The second level of abstraction leverages versioning to guarantee that all changes are made visible atomically even if the process may involve several memory updates to different cache lines, which we explain as follows. CDDS maintains a 64 bit integer, mapped to the NVM, as the “current time” timestamp. This timestamp stores the current logical version the data structure. Every “object” in a CDDS has two fields, a begin timestamp (bts) stores the minimum timestamp required to access the data structure, and an “end timestamp” (ets) which is the highest timestamp that can access the object. Every operation on the data structure must first read the current logical timestamp, and then uses this timestamp to determine the visibility of objects within the data structure. To elaborate: If the current timestamp is ts, then an object is accessible to the current operation if and only if ts is within the interval [bts, ets), where bts and ets are the begin and end timestamps of the object to be accessed (in the paper, to represent the “infinitly large” time, we reserve timestamp zero as a special timestamp, the usage of which is restrivted to only in ets).

When a new object is being added, we first create a new object with bts equals ts + 1 and ets equals 0. The newly created object is hence insivible before we change the current time. After objects are added (there can be more than one), we issue a flush() command to force them back to the NVM, and then increment the current time counter, and eventually flush the counter back to NVM. The last flush operation is atomic, since is only writes back the 8-byte current time counter, which is also the persistent point of the newly added objects. Once the last flush() operation completes, all objects are visible to later operations since their bts is now exactly the logical timestamp. If, on the other hand, the system crashes before the last flush() completes, then the current logical increment is not successfully reflected on the NVM. After system reboot, the timestamp read from the NVM is still bts - 1, meaning that the newly added object is not visible to the post-crash recovery routine.

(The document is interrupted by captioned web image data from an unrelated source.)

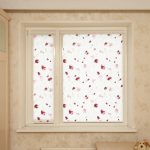 ستائر خفيفة على النافذة في غرفة الأطفال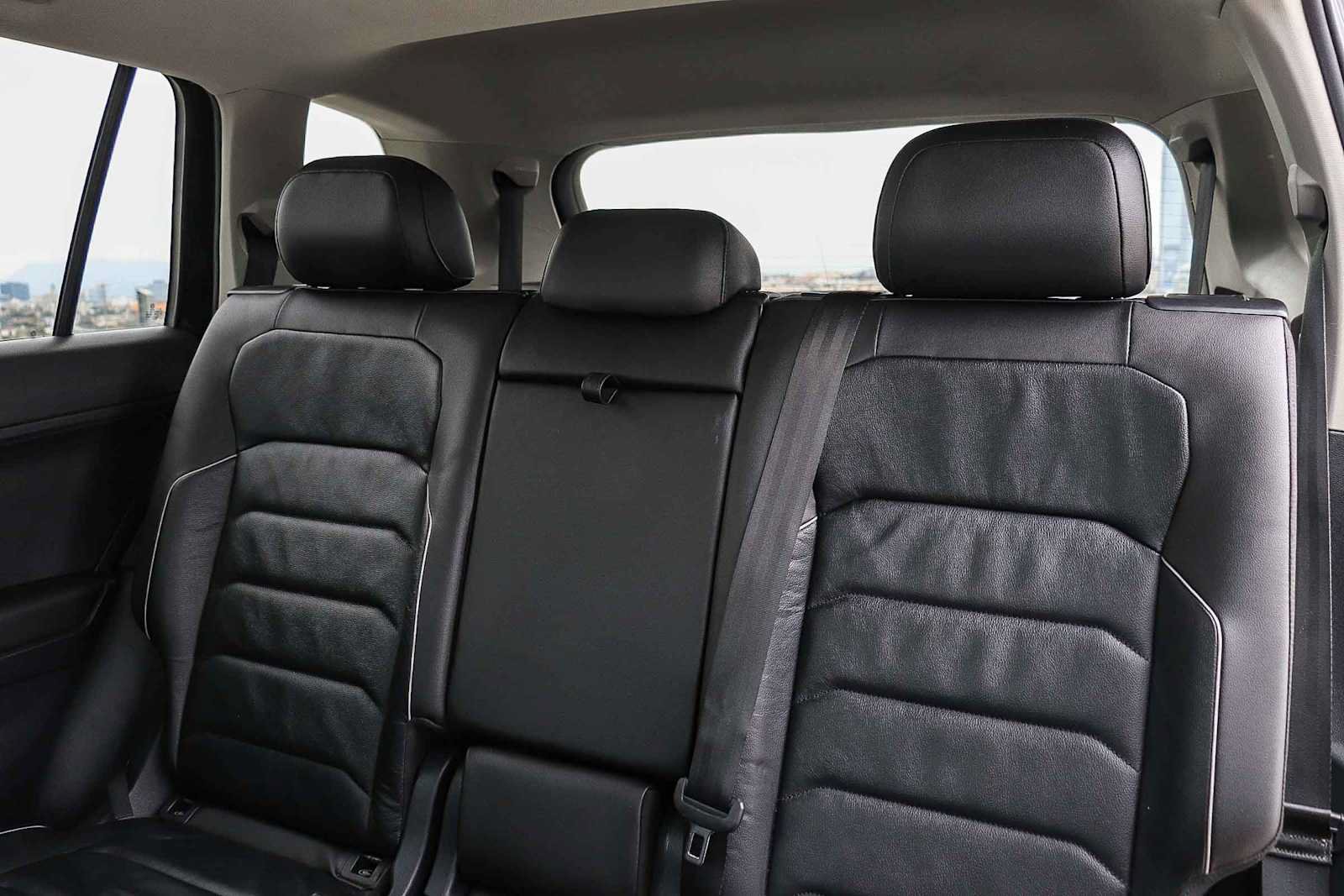 Used 2018 Volkswagen Tiguan SEL Premium FWD image 19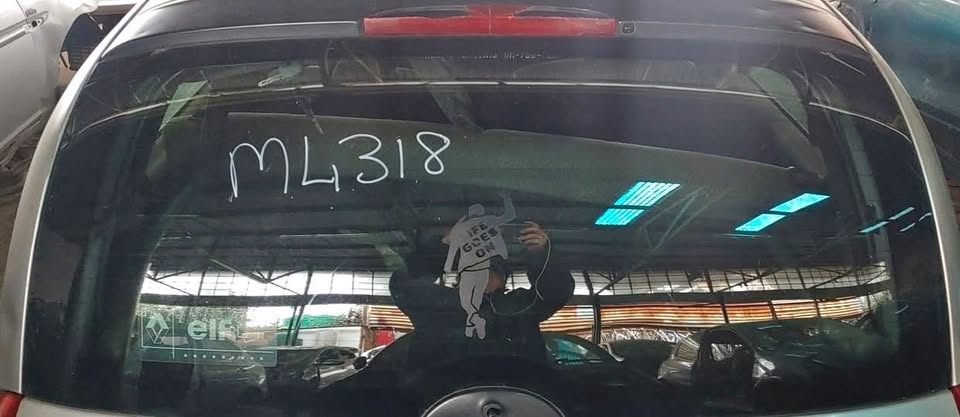 RENAULT CLIO2 REAR WINSCREEN FOR SALE. - Private Seller RENAULT CLIO2 REAR WINSCREEN FOR SALE. - Private Seller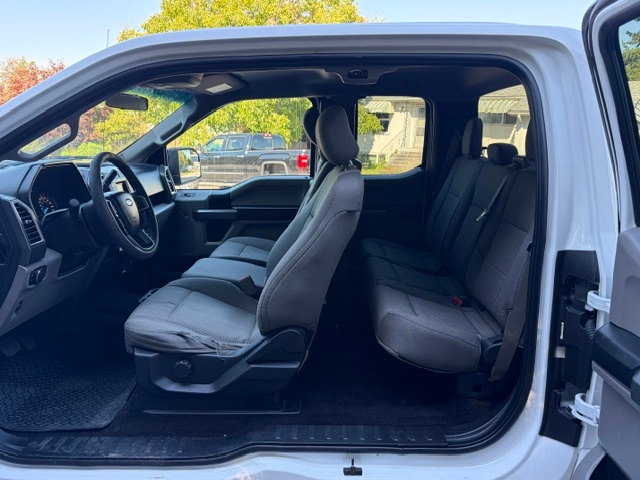 /choosesuperauto/2017-Ford-F-150-9215186802856588.jpg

Similarly, when an object is to be deleted, we sets its end timestamp to ts + 1, flushes the object, increments the current timestamp counter, and flushes the counter. If the counter made into the NVM, then according to the version visibility rule, the object is no longer accessible to later operations, because the timestamp will be larger than or equal to the ets. If the system crashes, then these objects are still valid, because the current timestamp still lies in the [bts, ets) interval.

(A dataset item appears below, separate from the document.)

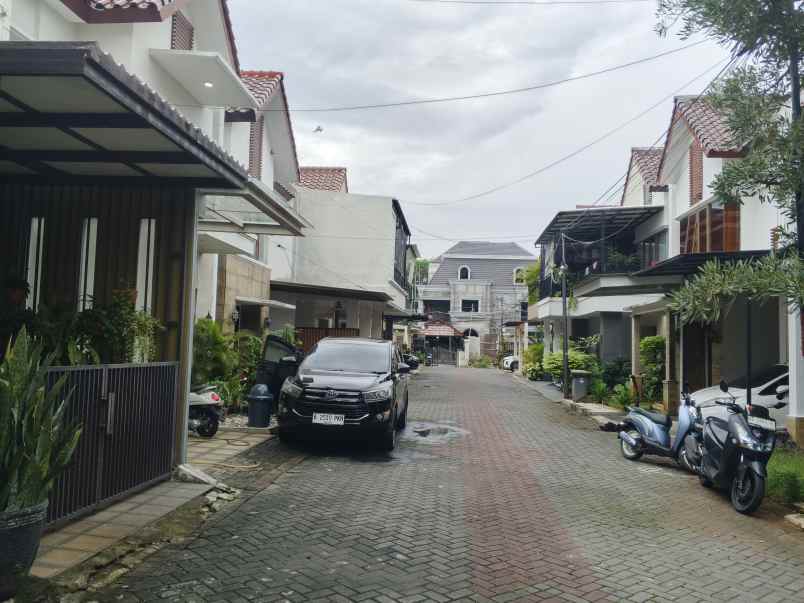rumah dijual dekat dengan pintu tol jatiwaringin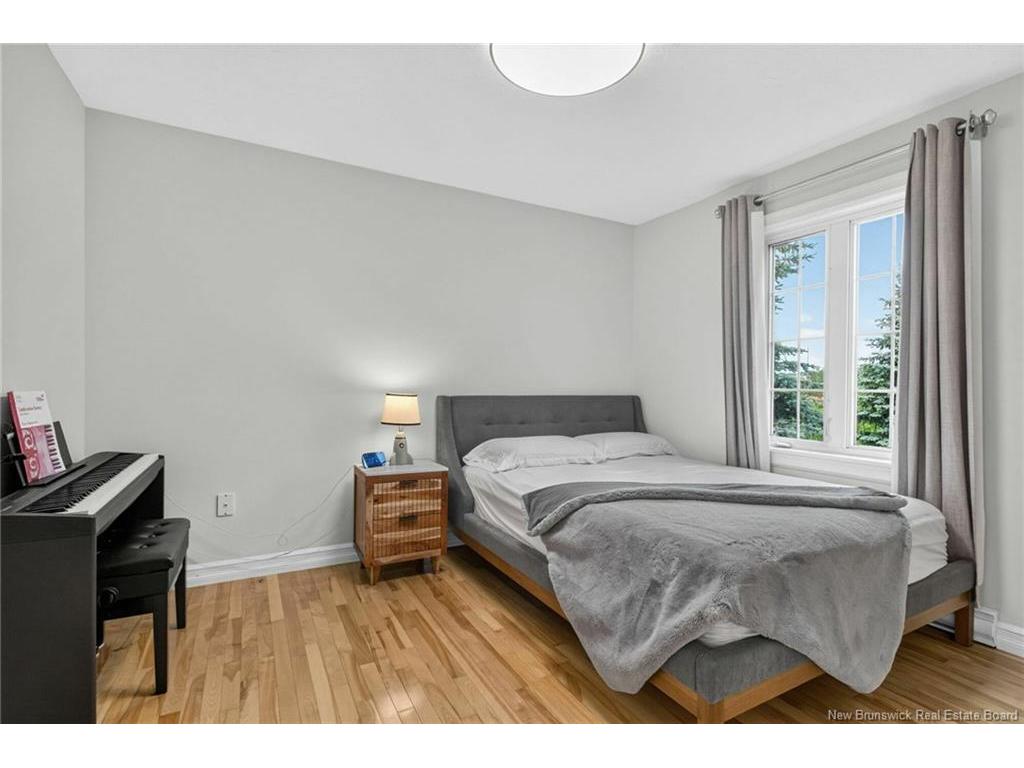 242 Doreen Cres, Dieppe, NB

Objects can be reused if they have been made invisible by a previous increment of the current timestamp (so it must be a deleted object). The deleted object is reclaimed when an operation needs to create a new object (e.g. when inserting into a full B+Tree node but this insertion will trigger a node split). We overwrite fields of the deleted object, setting its bts and ets as described above, and then flush the object, making it live again. Please see the “Questions” comments at the beginning for a discussion of problems with this scheme.

After a crash, the crash recovery routine scans all objects in a CDDS and checks their timestamps. Some objects need to be “reworked” in order to function properly during normal operations. For example, if a delete operation is interrupted by the crash after it flushes all (or some) of the objects but before the current timestamp counter is flushed, all these objects will have a ets of ts + 1. Although the delete operation was not successfully committed thanks to the versioning protocol, if these objects’ ets fields are not fixed to zero, then after a normal insert or delete on any object in the CDDS, all or part of these objects will suddenly disappear, due to the fact that the current timestamp counter has been incremented, the value of which now equals the objects’ ets. Similarly, unsuccessful inserts and reusage of deleted objects will be cleaned up.